Extracting From: addresses

brian_d_foy on 2004-07-03T00:00:14

Because I am too stupid to pull this out of my shell history or make an alias for it, I post the one-liner I use to extract From addresses from email that my spam blocker incorrectly flags as spam. Those addresses end up in my white list.

grep ^From: fix | perl -pe 's/From:\s+//; s/.*<(.*@.*)>.*/$1/' | sort | uniq >> ~/.procmail/goodfile


I suppose that is rather unixy, those other programs have Perl implementations somewhere.

Now I'll probably forget how to find this post, too.


That can be trimmed down

Aristotle on 2004-07-03T11:33:22

No need for grep when you're using Perl, nor for substitutions when you're not using sed.
perl -lne '/From:\s+<(.*@.*)>/ and print $1' | sort -u >> ~/.procmail/goodfile

Re:That can be trimmed down

merlyn on 2004-07-03T14:09:52

perl -lne '/From:\s+<(.*@.*)>/ and $u{$1}++; END { print for sort keys %u}' inputfile

Re:That can be trimmed down

brian_d_foy on 2004-07-03T15:37:36

This one won't work either (and you should know that :). Most the the time that regex does not match.

Re:That can be trimmed down

Aristotle on 2004-07-03T17:33:38

Yeah, but that's a mouthful, both to remember and type, as opposed to the transition from Perl to grep.

Re:That can be trimmed down

Aristotle on 2004-07-03T18:36:55

Actually, since the sort in the original code is only required to support uniqueness, you could simplify that code using the old !$seen{$key}++ trick.

Re:That can be trimmed down

brian_d_foy on 2004-07-03T15:35:58

You can't do the substitution in one step because the pattern does not always match, and even the pattern that you use will mostly fail rather than mostly succeed.

The address lines look like:
From: "Fred Flinstone" <fred@example.com>
From: barney@example.com
I may not need the grep, but it sure makes things easier to figure out when there is a problem.
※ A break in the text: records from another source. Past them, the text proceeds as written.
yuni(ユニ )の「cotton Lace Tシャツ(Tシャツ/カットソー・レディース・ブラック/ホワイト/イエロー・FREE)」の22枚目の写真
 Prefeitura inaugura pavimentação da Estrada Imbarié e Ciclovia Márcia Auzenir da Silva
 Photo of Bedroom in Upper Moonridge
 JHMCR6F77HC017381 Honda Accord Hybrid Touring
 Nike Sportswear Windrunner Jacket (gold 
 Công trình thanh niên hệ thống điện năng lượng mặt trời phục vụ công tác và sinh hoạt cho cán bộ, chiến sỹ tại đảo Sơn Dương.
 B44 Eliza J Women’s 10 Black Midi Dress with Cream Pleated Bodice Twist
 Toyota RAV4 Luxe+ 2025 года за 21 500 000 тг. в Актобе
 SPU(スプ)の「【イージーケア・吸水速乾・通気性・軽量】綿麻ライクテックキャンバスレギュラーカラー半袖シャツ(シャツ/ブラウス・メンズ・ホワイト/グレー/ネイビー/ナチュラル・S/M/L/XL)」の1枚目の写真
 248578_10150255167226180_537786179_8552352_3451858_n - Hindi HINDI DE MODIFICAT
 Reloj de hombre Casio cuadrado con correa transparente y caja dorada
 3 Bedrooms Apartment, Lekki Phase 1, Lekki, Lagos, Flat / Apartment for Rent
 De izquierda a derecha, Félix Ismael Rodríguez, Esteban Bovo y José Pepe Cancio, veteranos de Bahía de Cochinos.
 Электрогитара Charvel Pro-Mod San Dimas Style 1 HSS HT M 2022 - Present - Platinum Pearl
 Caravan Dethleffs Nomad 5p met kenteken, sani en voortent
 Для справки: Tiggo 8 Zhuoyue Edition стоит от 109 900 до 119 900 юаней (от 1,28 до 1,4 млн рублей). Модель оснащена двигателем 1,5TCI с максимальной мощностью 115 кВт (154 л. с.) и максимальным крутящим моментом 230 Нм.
When I try to do such things in one big step, I usually find that I miss something special about the input then have to waste a lot of time figuring out why 10% of the data foil the script.

I could do the sort -u, though :)

Re:That can be trimmed down

Aristotle on 2004-07-03T17:41:17

Ah. Well, you can still do something like
perl -lne 's/^From:\s+// or next; print /<(.*@.*)>/ ? $1 : $_' | sort -u >> ~/.procmail/goodfile
That keeps the "conceptual grep" separate from the matching, also. :)

Re:That can be trimmed down

brian_d_foy on 2004-07-03T18:19:42

This one doesn't work either, unless I type the email into standard input.

Not to be mean, but there really are good reasons for not trying to be too clever. My kludgey looking one liner works, it is easy to understand, and is even faster. Remember, test any code that you post because once it gets online, it lives on forever. :)

Just for giggles, I timed these against a file of over 1,000 email. I added the filename as a command line argument after your perl invocation, and on average, it took about 0.25 seconds on my PowerrBook. My original one liner took on average 0.060 seconds. That is all the same time really, but if I had to sort through a million email addresses, things would be different.

Certainly, for some people without fast grep or sort programs, the all-in-one Perl solution is probably faster

Re:That can be trimmed down

Aristotle on 2004-07-03T18:32:45

In the cases where speed is a concern, this is a very sed-able task. Jibing about the lack of filename was superfluous, btw.

Re:That can be trimmed down

brian_d_foy on 2004-07-03T18:58:29

I'm sorry you think I was "jibing", but not everyone is going to realize why your one-liner just sits there appearing to do nothing. Leaving out the input is not a minor detail. :)

Re:That can be trimmed down

Aristotle on 2004-07-03T19:14:00

Yes, I realized that the jibe wasn't entirely undeserved after I posted that. I should have been consistent and left out the output redirection as well. Whether the data source and destination are relevant is a matter of view, but specifying one and not the other makes no sense.